OK, so where in the highlighted section is "calming bees during an inspection" listed? I'm confused...READ before flaming people... heck, in this case, you could've saved yourself some face by reading the words you yourself were posting.




Rusty Hills Farm said:


> Sorry, robherc, I didn't know we have forum police now.


Hmm, police or no, let's check the BeeSource main forum rules, shall we?
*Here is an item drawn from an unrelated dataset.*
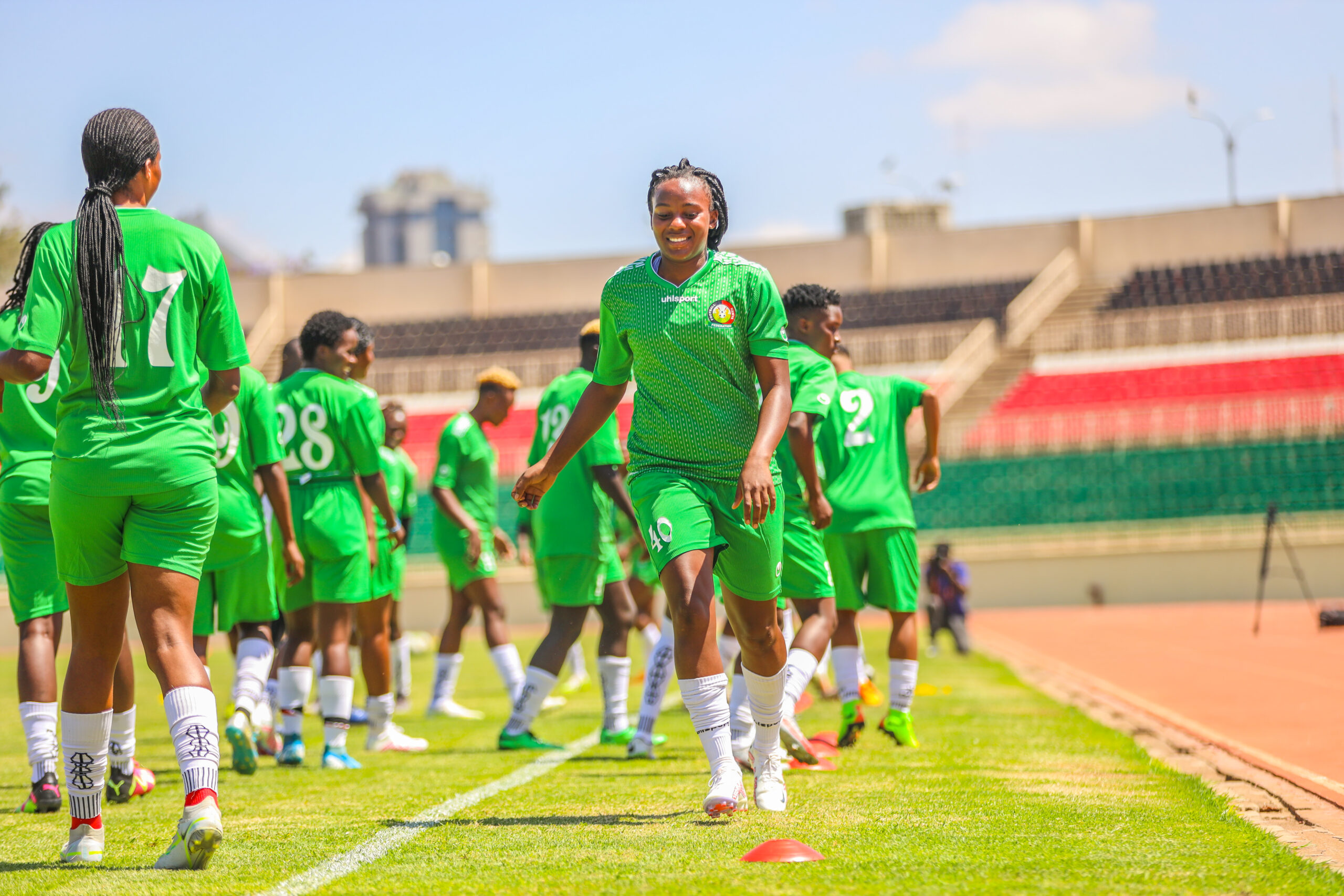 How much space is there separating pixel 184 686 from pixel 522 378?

> You agree, through your use of this service, that you will not use the Beesource Beekeeping Forums to post any material which is knowingly false and/or defamatory, inaccurate, *abusive*, vulgar, *hateful, harassing*, obscene, profane, sexually oriented, threatening, invasive of a person's privacy, or otherwise violative of any law. You agree to *be civil and "observe with both friend and foe the ordinary rules of courtesy."* You agree not to post any copyrighted material unless the copyright is owned by you or by BeeSource.com.
> 
> Be civil. Personal attacks are never okay. We can disagree and debate a subject, which is fine. You'll find no "know-it-all's" here. No one on this forum is in a position where they can't be *questioned or disagreed with in a civil manner*.


I think the repeated theme in that excerpt from the rules is to "bee nice"...that's all I was asking you to do.


----------



## Rusty Hills Farm (Mar 24, 2010)

> I think the repeated theme in that excerpt from the rules is to "bee nice"...that's all I was asking you to do.


I was nice. Were you?



Rusty


----------



## Solomon Parker (Dec 21, 2002)

Rusty Hills Farm said:


> This is the treatment-free forum and EOs are treatments. You really need to post on the general forums if you want advice about using oils.


Been said. 'Nuf said.


----------



## Jeyster (Apr 26, 2013)

First time on the TF forum. Man, you guys are angry. Little smoke over here , please!


----------



## Nin (Feb 20, 2013)

Um.....thanks guys...


----------